QUANDO VOCÊ SABE QUE PERDEU A CASA
Arte de Paul Signac
O símbolo do casamento não é quando ela traz a escova de dente. É quando você perde o banheiro. Seu banheiro. Seu refúgio de anos de reflexão e de revistas antigas.
Não mais do que num relance, você passa a escovar os dentes longe da pia. Já treina segurar a espuma por mais tempo, bochechar a água incansavelmente até encontrar um lugarzinho para esguichar. Não repete a operação para não incomodar. O centro do espelho torna-se propriedade das manobras femininas.
Como deseja que ela se sinta em casa, cede os demais territórios de seus hábitos, abre generoso espaço, diz que ela não atrapalha, inspira sua maior participação.
Antes singelo com seus magros xampu e condicionador, o box recebe uma artilharia pesada de produtos. A gôndola transborda de potes gigantescos que sequer conhecia a existência: tem reparador de pontas, creme para pele, gel refrescante, sabonete íntimo... Sua vida anterior de 200ml é tomada por uma perfumaria litrão.
As duas torneiras do chuveiro são ocupadas pela calcinha lavada e pela esponja amarela. A esponja amarela é a prova de que ela está à vontade.
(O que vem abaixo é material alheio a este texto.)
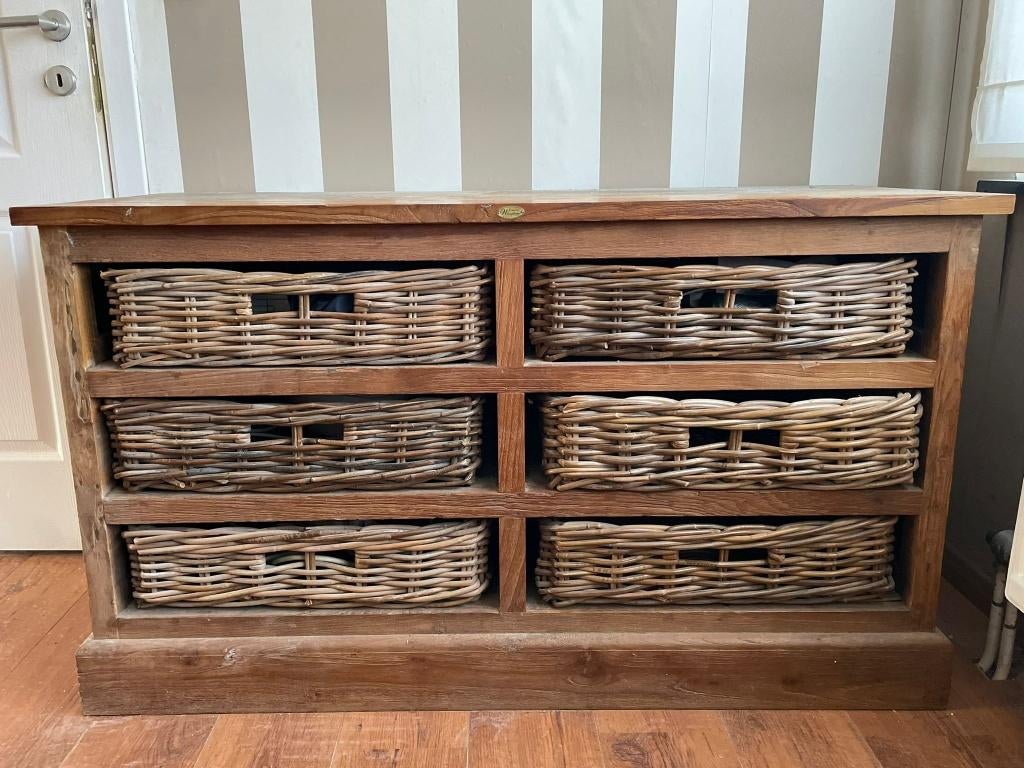 William Winston – klein massief houten dressoir, Enlèvement, Utilisé, Avec tiroir(s), 50 à 75 cm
Ela se mudará totalmente para o apartamento não carregando as malas, porém o secador de cabelos. O único, o especial, aquele que comprou numa promoção e jamais estragou. Sinaliza que acabou o amadorismo da relação, os experimentos, os ensaios; pretende sair sempre impecável a partir dali. Já não quer sofrer com os cabelos secando ao vento, sem nenhum cuidado. Esgotou a fase das mechas molhadas e das toalhas como turbantes.
Disposto a mostrar que não precisa de muito, abre um canto no armarinho para que ela guarde seus produtos de maquiagem. De repente, ela diz que não entrou tudo. “Como?”, espanta-se. Então, esvazia seu lado direito e guarda seu módico kit de higiene em um estojo de primeiros socorros.
Seu banheiro virou um salão de beleza. Não tem mais a rudeza e a simplicidade de antes. O cheiro é de um campo de flores. A privada ganha capa, há sprays aromatizantes grudados nas paredes, o papel higiênico é igual a um guardanapo.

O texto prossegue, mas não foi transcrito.